I am busy thinking of how to test a power supply i am designing and came across an article which discussed using an electronic load to test the supply. I will not have access to an electronic load and so thought of using a dummy load to mimic the load the supply will see. I'd like to clarify if I have the right idea of how this works?
The primary requirement of this supply will be to provide a steady 5v and 3.3v through the use of two buck converters with a 12v input voltage and to meet the current requirements of circuits connected to the 5v and 3.3v lines. The 12v input voltage is derived from 230v 50Hz AC through means of a step-down transformer and full bridge rectifier. I have a list of components and max currents they draw. Am I correct in saying I will need to calculate the sum of current draw from the individual components and then use Ohms law to pick a dummy resistance to simulate this condition?

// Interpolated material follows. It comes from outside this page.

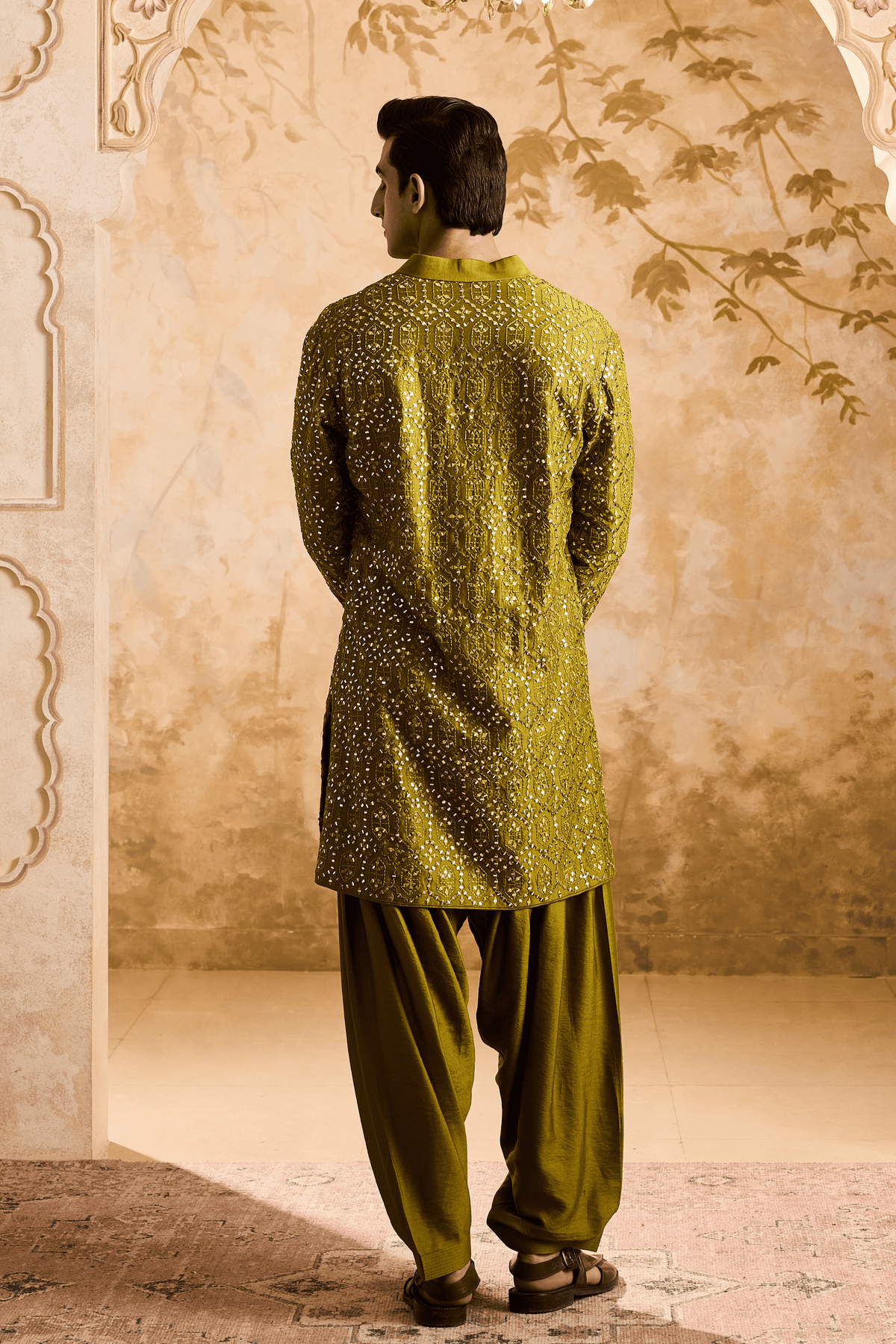 Embroidered Mehendi Green Kurta Set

Similar to the procedure described here:
Determining Power Supply Requirements
For example. If components which draw from the 5v line will draw a peak current of 2.4A I would design the buck converter to output a regulated 5v 3A and then calculate the load resistance as \$R=\frac{V}{I} = \frac{5}{2.4} = 2.083 \Omega\$. I'd then connect this load across the output of the 5v buck converter and check that it is supplying a steady 5v for this load? I assume I would also need to look at the power rating of the resistor so using \$P=VI = 5\times2.4 =12W\$ making sure that the resistor chosen is able to handle this power amount of power dissipation?
Best Answer
This is the way most people would approach this.
The dummy loads are chosen with this method and for your worked example the duumy load would indeed be 2.083 ohms but,, if you are designing the converter to supply 3 amps then test it at a 3 amp load is my advice. It's always a good idea to know you have the spare overhead capacity just in case you need it. I'd go for a 1.67 ohm load and this will produce a power of 15 watts and to prevent the resistor from exceeding its maximum limits I'd consider a power rating that is 1.5 times this value i.e. 22 watts.